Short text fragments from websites
========================================================================

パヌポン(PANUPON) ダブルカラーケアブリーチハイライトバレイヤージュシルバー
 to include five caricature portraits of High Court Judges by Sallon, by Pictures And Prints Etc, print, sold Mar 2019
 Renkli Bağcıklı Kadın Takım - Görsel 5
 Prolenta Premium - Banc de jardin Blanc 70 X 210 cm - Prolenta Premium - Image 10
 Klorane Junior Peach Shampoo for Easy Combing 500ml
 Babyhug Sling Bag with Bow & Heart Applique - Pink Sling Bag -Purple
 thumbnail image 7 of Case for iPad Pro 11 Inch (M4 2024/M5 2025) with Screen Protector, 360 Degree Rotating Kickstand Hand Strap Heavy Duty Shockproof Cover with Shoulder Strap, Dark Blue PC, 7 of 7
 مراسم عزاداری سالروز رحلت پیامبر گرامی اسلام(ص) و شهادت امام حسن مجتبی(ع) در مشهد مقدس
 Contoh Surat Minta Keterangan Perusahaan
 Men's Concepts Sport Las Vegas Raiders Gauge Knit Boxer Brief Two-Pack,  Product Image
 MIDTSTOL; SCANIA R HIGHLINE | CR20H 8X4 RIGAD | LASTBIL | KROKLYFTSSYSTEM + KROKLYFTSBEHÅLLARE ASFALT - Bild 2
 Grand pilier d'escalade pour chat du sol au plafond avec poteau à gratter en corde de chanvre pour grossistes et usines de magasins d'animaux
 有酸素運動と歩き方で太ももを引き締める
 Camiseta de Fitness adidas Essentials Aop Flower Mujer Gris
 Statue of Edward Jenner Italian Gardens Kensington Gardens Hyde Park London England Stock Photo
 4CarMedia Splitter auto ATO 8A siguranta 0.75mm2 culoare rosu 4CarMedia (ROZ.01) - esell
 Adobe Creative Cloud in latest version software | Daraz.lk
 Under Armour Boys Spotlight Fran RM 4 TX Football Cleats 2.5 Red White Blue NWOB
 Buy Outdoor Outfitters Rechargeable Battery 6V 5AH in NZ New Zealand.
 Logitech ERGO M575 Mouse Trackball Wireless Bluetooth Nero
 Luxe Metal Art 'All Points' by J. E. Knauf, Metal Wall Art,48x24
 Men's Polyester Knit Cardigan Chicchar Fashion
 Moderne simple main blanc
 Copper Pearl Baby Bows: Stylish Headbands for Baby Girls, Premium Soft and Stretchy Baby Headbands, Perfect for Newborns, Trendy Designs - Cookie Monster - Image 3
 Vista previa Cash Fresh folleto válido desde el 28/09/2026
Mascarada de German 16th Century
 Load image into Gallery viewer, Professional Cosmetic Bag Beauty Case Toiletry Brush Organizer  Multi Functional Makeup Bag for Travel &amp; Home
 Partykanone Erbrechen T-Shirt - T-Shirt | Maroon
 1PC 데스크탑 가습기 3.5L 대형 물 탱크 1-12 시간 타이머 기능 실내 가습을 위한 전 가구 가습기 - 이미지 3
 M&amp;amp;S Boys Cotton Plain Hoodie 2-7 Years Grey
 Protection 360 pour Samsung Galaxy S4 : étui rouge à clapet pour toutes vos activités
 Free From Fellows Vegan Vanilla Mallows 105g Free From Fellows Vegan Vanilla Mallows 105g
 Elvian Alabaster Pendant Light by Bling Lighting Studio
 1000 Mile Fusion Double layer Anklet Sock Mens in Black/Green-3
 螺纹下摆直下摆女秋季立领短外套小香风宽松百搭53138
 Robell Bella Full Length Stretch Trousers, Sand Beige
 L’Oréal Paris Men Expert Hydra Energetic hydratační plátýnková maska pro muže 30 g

========================================================================

**YOUR ASSIGNMENT**
Print only these lines, please. They run from the start of the entries above to the line containing "Klorane Junior Peach", both ends included, and must match exactly.

**RESULT OF THE EXERCISE**
パヌポン(PANUPON) ダブルカラーケアブリーチハイライトバレイヤージュシルバー
 to include five caricature portraits of High Court Judges by Sallon, by Pictures And Prints Etc, print, sold Mar 2019
 Renkli Bağcıklı Kadın Takım - Görsel 5
 Prolenta Premium - Banc de jardin Blanc 70 X 210 cm - Prolenta Premium - Image 10
 Klorane Junior Peach Shampoo for Easy Combing 500ml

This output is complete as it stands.